So, I gave an example that makes aggregation looks complicated. Why go to such length when you can just find it and then go about your day? Well, as I said, in the intro for simple use cases, like this one, with 10 documents in your collection, always find() it.

Let's complicate the example a bit, where you have a author collection and you want to bring in data from there as well. Now, if you are used to mongoose, you can recall a nifty feature called .populate().

So our example becomes:

const findResults = await BookModel.find().limit(1000).populate("author"); // ... all the post-processing stuff

Day 1: All good. Never better.

Day 2: Now you have a million documents.

What changes is that you make an API call, binge watch One Piece and then come back to a meet a loading screen.

Let me explain why: The populate() function in mongoose makes a query for every book in your document to get it's author by id. So your one .find().populate("author") actually runs 1001 queries. Without the post-processing you are going to apply, i.e. 1000*n operations. And God forbid you have more relational fields that you want to populate.

What shines here is aggregate().

We run:

const aggrResults = await BookModel.aggregate([ { $limit: 1000 }, { $lookup: { from: "authors", localField: "author", foreignField: "$_id", as: "author" } }, // ... rest of your pipelines ])

Now, a single query runs. And it is faster than .find().populate("author"). And we don't have to post process the data. We are served on a silver plate and then fed with a silver spoon.

And this is just me touching the surface. Quoting Sir Isaac Newton, "What we know is a drop, what we don't know is an ocean." (from Dark, ofc)

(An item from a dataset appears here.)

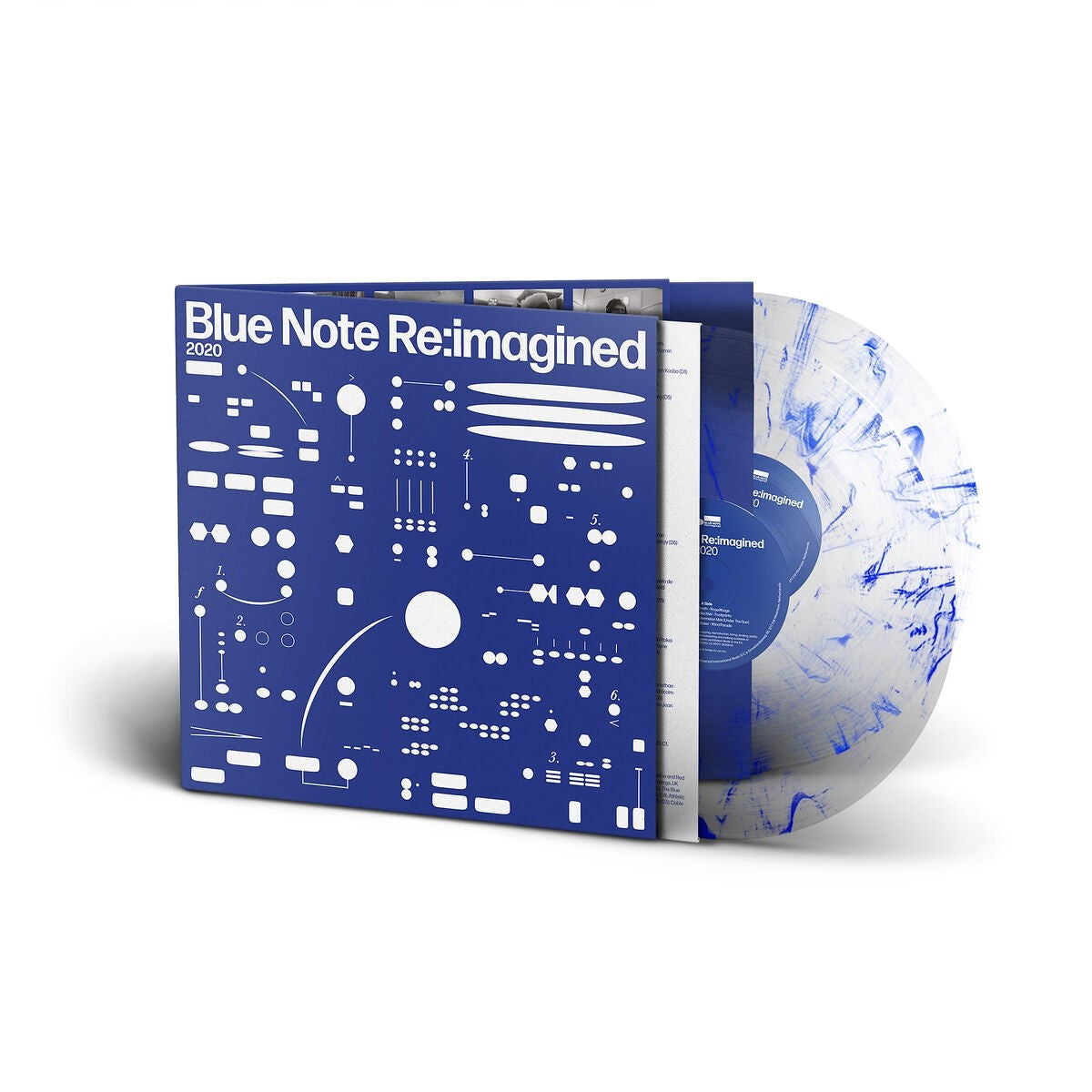 Various Artists Blue Note re:imagined Vol. 1 (Ltd. Edition) Smokey Blue Vinyl 2LP - RSD 2024 424052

But before you jump into aggregation()-ing everything, let me let you know of the caveats:

You have to be extremely careful with the limits of your MongoDB server. Aggregation, while handy, requires more resources to run than find.
In case you are using corporate managed MongoDB instances, like Atlas, you have to be careful about pricing, as prices spike up when you run resource expensive queries.
This extends point 1: If you have a locally setup server, you must keep in mind the memory allocated to the process/server, or your deployment will crash processing while large queries.

With that out of the way, get to replacing your complex find()s with aggregate().

I will cover more of aggregation in details in my following writeups.